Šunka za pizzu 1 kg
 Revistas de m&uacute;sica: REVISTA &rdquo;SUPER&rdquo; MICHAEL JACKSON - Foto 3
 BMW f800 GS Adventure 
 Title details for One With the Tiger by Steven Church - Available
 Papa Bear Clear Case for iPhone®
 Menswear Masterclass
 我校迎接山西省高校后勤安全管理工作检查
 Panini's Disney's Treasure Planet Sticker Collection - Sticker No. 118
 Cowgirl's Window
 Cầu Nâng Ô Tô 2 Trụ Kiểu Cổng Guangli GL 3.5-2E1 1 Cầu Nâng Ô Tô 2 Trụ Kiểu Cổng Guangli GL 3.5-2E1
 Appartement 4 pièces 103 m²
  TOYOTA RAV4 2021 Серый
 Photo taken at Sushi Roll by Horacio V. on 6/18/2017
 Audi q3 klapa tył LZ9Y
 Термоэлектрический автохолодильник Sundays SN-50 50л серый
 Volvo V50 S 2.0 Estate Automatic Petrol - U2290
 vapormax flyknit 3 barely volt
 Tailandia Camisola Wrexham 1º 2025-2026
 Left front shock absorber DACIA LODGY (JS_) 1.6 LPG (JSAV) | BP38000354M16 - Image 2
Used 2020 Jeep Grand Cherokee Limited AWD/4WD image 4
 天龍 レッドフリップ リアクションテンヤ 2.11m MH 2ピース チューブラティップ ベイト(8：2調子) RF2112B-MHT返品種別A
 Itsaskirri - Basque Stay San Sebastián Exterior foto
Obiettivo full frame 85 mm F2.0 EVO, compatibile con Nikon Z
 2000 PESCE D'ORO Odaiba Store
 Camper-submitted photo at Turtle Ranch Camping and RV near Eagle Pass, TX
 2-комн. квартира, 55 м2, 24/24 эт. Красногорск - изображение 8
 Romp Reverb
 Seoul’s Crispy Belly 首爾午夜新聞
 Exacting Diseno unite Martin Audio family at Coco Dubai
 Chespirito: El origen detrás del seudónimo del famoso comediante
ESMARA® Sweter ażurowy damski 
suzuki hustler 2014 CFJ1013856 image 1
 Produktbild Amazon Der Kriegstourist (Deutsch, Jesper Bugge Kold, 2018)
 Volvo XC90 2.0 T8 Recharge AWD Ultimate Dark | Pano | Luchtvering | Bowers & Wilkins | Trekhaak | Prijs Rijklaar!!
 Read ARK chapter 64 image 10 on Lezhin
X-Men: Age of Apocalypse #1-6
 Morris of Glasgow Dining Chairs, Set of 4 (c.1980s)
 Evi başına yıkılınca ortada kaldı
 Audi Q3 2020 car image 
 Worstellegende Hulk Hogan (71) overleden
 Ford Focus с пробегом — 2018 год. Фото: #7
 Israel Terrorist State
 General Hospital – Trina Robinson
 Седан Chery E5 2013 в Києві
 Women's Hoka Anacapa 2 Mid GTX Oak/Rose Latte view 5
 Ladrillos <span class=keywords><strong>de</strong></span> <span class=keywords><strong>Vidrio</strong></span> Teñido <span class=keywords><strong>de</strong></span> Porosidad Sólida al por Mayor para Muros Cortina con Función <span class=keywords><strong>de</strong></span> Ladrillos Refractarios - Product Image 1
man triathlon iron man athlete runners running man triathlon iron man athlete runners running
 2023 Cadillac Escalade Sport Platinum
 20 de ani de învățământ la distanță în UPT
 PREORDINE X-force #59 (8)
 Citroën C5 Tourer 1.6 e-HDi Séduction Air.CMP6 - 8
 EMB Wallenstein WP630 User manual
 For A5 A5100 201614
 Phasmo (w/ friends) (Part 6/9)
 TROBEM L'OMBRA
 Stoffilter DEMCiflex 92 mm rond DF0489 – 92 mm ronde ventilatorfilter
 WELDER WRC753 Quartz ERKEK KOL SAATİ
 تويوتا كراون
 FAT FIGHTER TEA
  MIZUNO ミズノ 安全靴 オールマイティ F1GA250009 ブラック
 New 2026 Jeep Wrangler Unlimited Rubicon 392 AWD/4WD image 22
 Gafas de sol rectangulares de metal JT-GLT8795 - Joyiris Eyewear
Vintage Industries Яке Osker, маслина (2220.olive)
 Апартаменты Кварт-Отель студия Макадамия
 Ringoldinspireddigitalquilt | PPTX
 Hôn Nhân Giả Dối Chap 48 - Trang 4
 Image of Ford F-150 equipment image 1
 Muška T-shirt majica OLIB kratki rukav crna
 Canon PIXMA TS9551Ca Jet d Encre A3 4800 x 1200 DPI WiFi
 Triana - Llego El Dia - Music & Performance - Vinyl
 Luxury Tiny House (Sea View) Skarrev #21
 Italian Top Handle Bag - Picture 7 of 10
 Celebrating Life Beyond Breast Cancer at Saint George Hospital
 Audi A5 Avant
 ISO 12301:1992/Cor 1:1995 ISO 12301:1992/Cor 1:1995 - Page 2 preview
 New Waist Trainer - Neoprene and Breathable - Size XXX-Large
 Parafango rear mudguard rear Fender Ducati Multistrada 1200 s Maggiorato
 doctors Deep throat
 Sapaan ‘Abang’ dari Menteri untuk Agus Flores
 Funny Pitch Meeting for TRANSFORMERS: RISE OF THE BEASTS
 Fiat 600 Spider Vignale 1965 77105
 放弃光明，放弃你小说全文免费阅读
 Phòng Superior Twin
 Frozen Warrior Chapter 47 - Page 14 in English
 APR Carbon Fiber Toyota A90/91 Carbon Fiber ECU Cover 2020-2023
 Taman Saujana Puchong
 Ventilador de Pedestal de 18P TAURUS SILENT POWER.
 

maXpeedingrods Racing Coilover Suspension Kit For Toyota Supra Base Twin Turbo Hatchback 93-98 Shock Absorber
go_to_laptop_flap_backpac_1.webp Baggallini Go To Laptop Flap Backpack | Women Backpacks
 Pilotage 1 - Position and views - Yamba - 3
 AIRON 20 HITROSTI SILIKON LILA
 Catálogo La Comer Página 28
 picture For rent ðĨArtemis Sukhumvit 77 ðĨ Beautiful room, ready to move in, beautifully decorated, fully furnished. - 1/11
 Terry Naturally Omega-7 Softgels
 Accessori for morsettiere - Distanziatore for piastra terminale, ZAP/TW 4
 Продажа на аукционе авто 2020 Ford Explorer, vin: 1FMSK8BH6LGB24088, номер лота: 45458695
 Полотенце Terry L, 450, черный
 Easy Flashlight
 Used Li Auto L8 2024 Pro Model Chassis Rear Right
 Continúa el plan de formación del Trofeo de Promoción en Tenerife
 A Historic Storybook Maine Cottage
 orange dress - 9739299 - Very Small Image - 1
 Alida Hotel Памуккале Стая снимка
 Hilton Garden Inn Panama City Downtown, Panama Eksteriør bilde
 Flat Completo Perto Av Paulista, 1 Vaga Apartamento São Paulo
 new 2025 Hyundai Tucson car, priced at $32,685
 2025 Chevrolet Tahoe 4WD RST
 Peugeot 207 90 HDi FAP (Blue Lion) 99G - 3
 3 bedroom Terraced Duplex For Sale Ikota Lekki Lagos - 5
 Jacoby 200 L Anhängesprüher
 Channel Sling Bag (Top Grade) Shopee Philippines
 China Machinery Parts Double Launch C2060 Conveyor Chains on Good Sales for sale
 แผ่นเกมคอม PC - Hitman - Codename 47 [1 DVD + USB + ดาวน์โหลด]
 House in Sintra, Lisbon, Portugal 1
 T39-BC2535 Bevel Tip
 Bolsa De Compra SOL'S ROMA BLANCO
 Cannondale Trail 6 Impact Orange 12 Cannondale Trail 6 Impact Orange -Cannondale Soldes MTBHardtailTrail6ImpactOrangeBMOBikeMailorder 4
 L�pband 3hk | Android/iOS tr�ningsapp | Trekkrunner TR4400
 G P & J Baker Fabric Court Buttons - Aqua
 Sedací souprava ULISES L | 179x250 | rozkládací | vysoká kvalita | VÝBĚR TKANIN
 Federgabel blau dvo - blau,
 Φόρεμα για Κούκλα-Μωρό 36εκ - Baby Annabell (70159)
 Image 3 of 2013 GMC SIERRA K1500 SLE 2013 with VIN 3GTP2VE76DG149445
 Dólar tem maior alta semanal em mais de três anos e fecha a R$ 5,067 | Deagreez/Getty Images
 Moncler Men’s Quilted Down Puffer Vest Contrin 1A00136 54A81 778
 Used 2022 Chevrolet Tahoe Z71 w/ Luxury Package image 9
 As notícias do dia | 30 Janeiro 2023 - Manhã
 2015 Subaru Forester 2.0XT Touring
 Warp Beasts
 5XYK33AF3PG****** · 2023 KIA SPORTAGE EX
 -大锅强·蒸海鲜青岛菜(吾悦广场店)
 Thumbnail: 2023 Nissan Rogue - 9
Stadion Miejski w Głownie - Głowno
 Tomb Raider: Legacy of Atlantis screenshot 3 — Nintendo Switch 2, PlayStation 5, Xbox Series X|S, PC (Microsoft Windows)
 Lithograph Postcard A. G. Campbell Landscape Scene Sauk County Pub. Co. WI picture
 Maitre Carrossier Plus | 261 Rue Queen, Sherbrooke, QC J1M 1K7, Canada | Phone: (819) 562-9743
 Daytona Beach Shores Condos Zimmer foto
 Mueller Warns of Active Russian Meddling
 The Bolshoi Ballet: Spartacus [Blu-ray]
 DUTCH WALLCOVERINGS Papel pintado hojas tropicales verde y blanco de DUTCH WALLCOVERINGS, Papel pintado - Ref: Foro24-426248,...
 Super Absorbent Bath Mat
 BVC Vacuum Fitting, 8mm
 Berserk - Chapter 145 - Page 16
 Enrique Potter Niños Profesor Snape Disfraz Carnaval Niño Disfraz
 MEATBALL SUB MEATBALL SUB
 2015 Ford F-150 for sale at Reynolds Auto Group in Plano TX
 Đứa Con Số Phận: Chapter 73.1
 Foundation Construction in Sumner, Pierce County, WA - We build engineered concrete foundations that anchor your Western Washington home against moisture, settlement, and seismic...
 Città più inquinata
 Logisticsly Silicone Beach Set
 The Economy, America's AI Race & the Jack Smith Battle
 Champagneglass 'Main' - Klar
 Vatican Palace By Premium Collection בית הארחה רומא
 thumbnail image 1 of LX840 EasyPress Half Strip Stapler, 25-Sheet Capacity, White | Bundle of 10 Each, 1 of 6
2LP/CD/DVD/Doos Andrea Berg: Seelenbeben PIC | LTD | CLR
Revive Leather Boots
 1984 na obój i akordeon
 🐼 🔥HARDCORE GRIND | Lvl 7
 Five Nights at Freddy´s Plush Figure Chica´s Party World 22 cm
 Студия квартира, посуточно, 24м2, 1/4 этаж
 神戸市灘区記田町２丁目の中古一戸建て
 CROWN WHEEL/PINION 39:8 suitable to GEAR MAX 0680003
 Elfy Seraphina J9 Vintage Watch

+===+

§ ABOUT THIS EXERCISE: Count the lines in the entries that hold the word "Beach", and give nothing but the total.

§ SOLVED PROBLEM: 2